Shirin
Neshat merupakan salah satu perupa perempuan Islam yang mengangkat masalah
gender, politik, dan agama dalam dunia Muslim sebagai subjek dalam berkarya. Melalui
karyanya, Shirin Neshat banyak bercerita tentang kehidupan perempuan Islam Iran
yang terpengaruh dogma-dogma budaya dan nilai yang mengatasnamakan agama, serta
konflik politik dalam dunia Islam. Kepindahannya ke New York untuk menempuh
pendidikan mengubah hidupnya.
Shirin Neshat lahir pada tanggal
26 Maret 1957 di Qazvin, sebuah daerah dengan nuansa relijius yang kuat,
terletak di sebelah barat laut Iran. Beliau merupakan anak keempat dari lima
bersaudara dan berasal dari keluarga kalangan menengah ke atas. Ayahnya
termasuk lelaki yang berpikiran maju pada saat itu. Saat di mana orangtua
lainnya di Iran menetapkan aturan yang ketat kepada anak-anak perempuannya
sesuai dengan dogma budaya dan agama yang ada pada saat itu, ayah Shirin Neshat
justru mendorongnya untuk menjadi individu yang mandiri, mengambil resiko,
terus belajar, dan melihat dunia.
Kehidupannya mulai berubah
drastis saat beliau dikirim ke sekolah Katolik di Teheran. Beliau harus
menjalani kehidupan yang sangat berbeda, dari kehidupan keluarga yang hangat
dan kental dengan nilai-nilai Islam menjadi kehidupan akademis yang penuh
dengan aturan dan nilai-nilai Katolik. Keterkejutan Shirin akan perubahan
drastis yang harus beliau alami membuatnya depresi hingga menderita anoreksia.
Pada periode tahun 1960-an
hingga awal 1970-an, pendidikan Barat menjadi populer di kalangan keluarga
menengah atas Iran. Banyak orangtua dari kalangan tersebut mengirimkan putra
mereka ke luar negeri untuk mendapatkan pendidikan Barat. Begitu pula keluarga
Shirin Neshat. Namun, yang membedakan keluarga Shirin dengan keluarga lainnya,
yang dikirim tak hanya putra-putranya saja. Putri-putri mereka, termasuk Shirin
turut dikirim ke luar negeri untuk mendapatkan pendidikan yang lebih tinggi.
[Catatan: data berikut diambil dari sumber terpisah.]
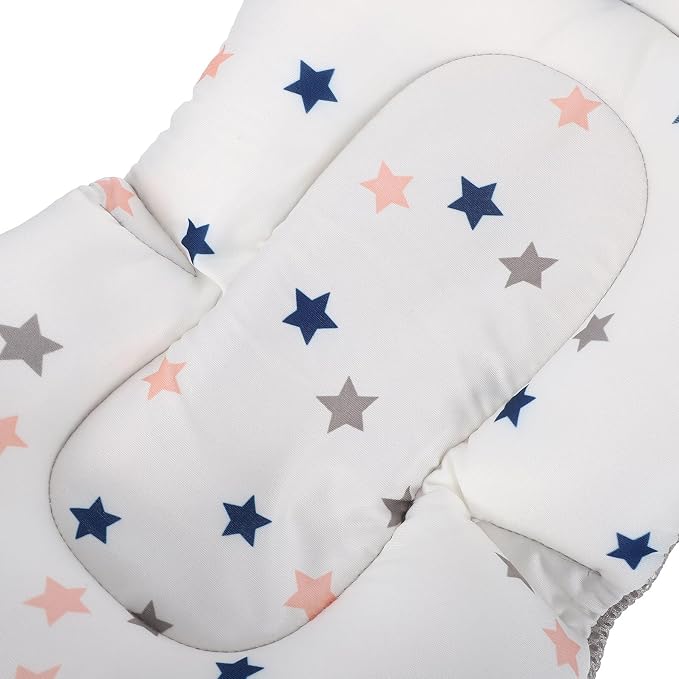Mesh Bath Support Seat Floating Shower Pad Newborn Non-Slip Cradle Cushion - Image 3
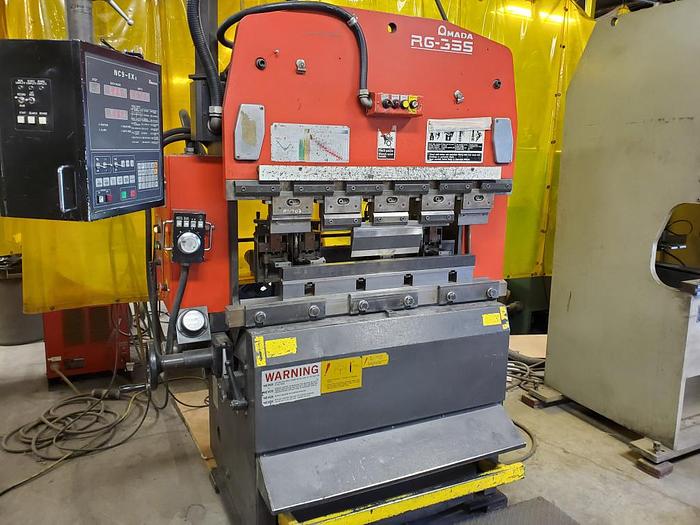 1998 38 Ton Amada RG-35S CNC Press Brake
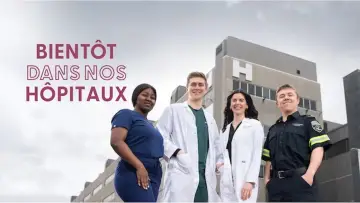 Bientôt dans nos hôpitaux plakat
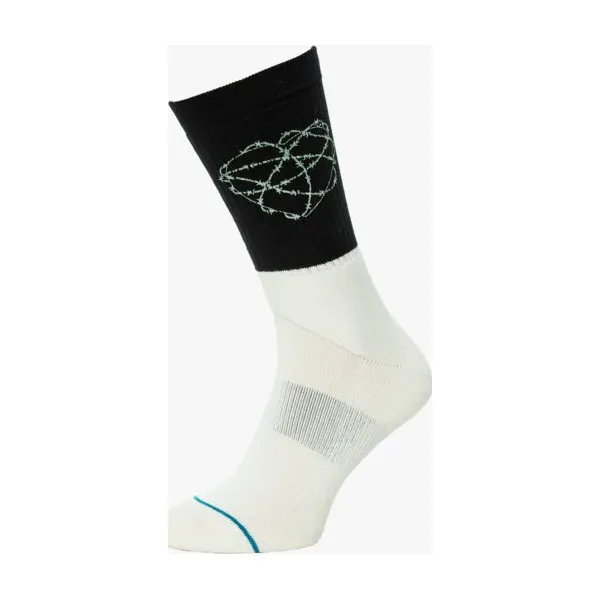 Stance Skarpety Step Up , czarny, rozmiar M. Czarne skarpety Stance, bez wzorów, z bawełny. W wyprzedaży za 49.99 zł.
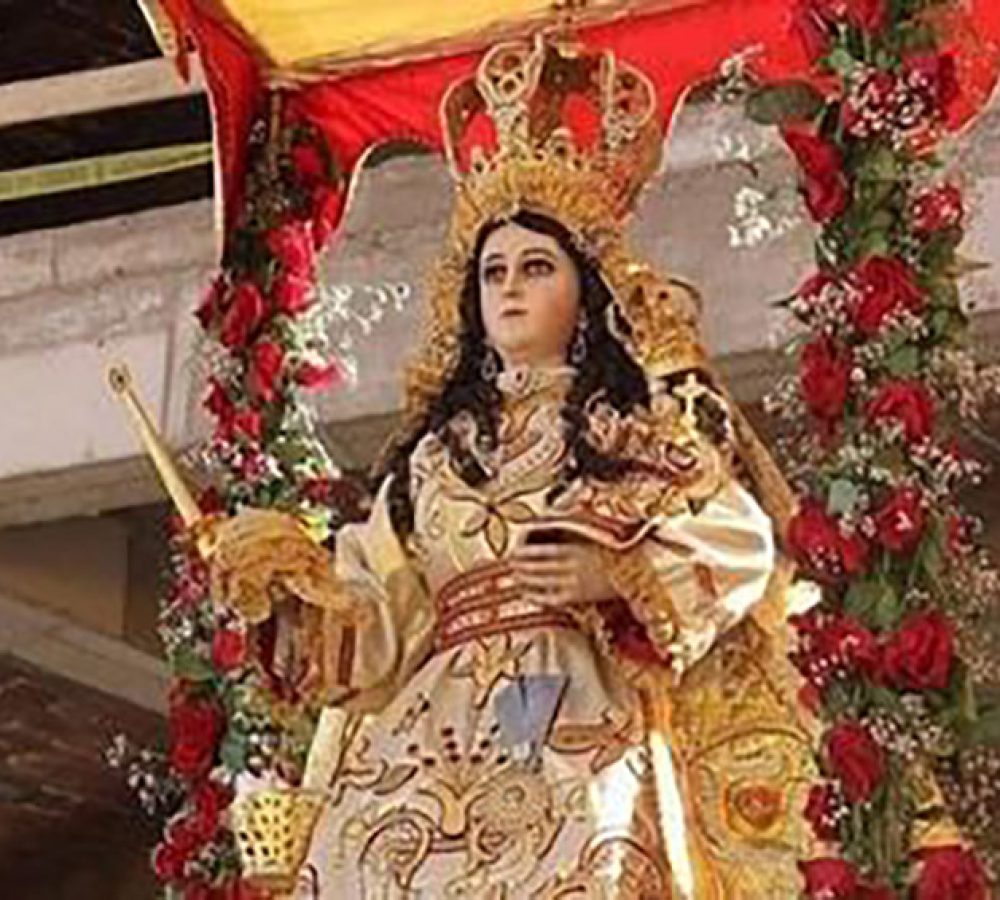 Fiesta de la Virgen de Chapi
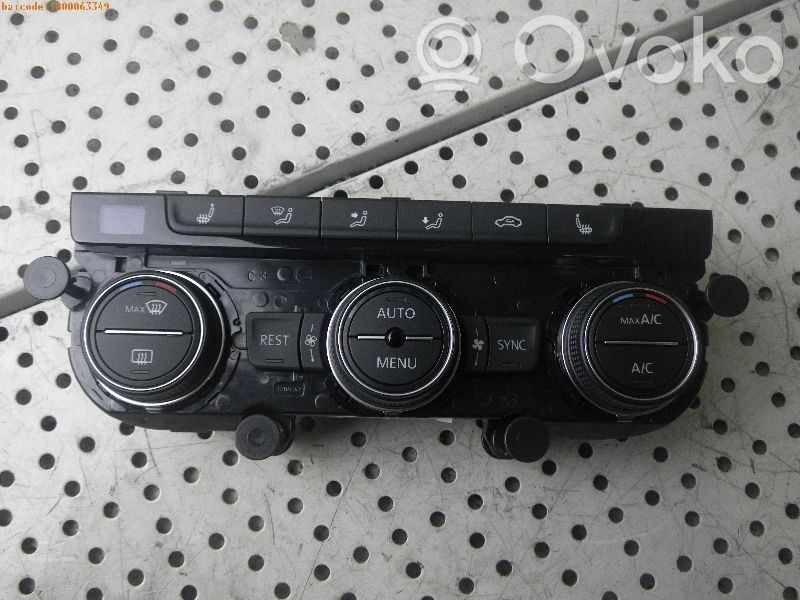 Volkswagen PASSAT B8 Unitate control climatizare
Shirin menyelesaikan studinya di
jurusan Seni hingga mendapat gelar BA, MA, dan MFA di University of California,
Berkeley. Kehidupannya di dunia Barat, membuat pikirannya semakin terbuka dan
wawasannya semakin berkembang.
PERJALANAN
SHIRIN NESHAT DALAM BERKARYA
Setelah menyelesaikan studinya,
Shirin Neshat tidak serta merta produktif berkarya. Pada awal-awal pasca
kelulusannya dari Berkeley, beliau merasa ide-idenya tidak cukup kuat dan beliau
tidak siap untuk menghasilkan karya seni. Beliau juga merasa tidak cukup
terilhami oleh sejarah seni yang telah dipelajarinya.
Shirin
Neshat pun memutuskan untuk pindah ke New York. Namun, beliau semakin
terintimidasi oleh karya-karya seni kontemporer yang ada di sana dan semakin
menyadari bahwa dirinya belum cukup dewasa dan bergairah untuk berkarya. Yang
Shirin lakukan selanjutnya adalah bekerja di sebuah institusi seni bernama The Storefront
for Art and Architecture yang didirikan oleh mantan suaminya, Kyong Park. Beliau
bekerja sebagai administrator sambil membantu dalam program kuratorial. The
Storefront merupakan organisasi non-profit yang didedikasikan untuk
menyampaikan program seni dan arsitektur dengan mengumpulkan orang-orang yang
memiliki latar belakang arsitek, baik secara teoritis maupun praktis. Dengan
bergabungnya Shirin ke dalam organisasi ini, beliau bertemu dengan orang-orang dari
berbagai bidang, seperti seniman, arsitek, filsuf, budayawan, bahkan terkadang
ilmuwan, yang berpengaruh besar terhadap perkembangan pemikiran-pemikiran
Shirin.
Yang
menjadi titik balik Shirin dalam bidang seni adalah saat beliau memutuskan
untuk kembali ke Iran pada tahun 1990 setelah 12 tahun kepergiannya. Perjalanan
tersebut hingga perjalanan-perjalanan selanjutnya membuatnya fokus pada
artistik, terutama pada Revolusi Islam dan peran perempuan dalam revolusi
tersebut. Hal itu membuatnya sadar bahwa beliau menemukan subyek yang
membuatnya bergairah untuk berkarya. Hingga akhirnya ia membuat karya
pertamanya pada tahun 1993-1997 yang berjudul “Women of Allah”. Karya ini merupakan karya fotografi yang
mengangkat tema tentang revolusi dan konsep tentang ‘syahid’.
|


Karya seni berupa fotografi ini
memiliki visual yang sederhana. Beberapa elemen dimunculkan berulang kali: tubuh perempuan, topik yang banyak
mengundang masalah dalam budaya Islam karena mengimplementasikan aib, dosa, dan
seksualitas; teks kaligrafi, yang
memuat puisi dari penulis perempuan Iran; senjata
api, sebagai lambang kekerasan; dan kerudung
atau cadar, yang begitu kontroversial, dianggap sebagai lambang penindasan
sekaligus pembebasan—perlawanan terhadap pengaruh Barat.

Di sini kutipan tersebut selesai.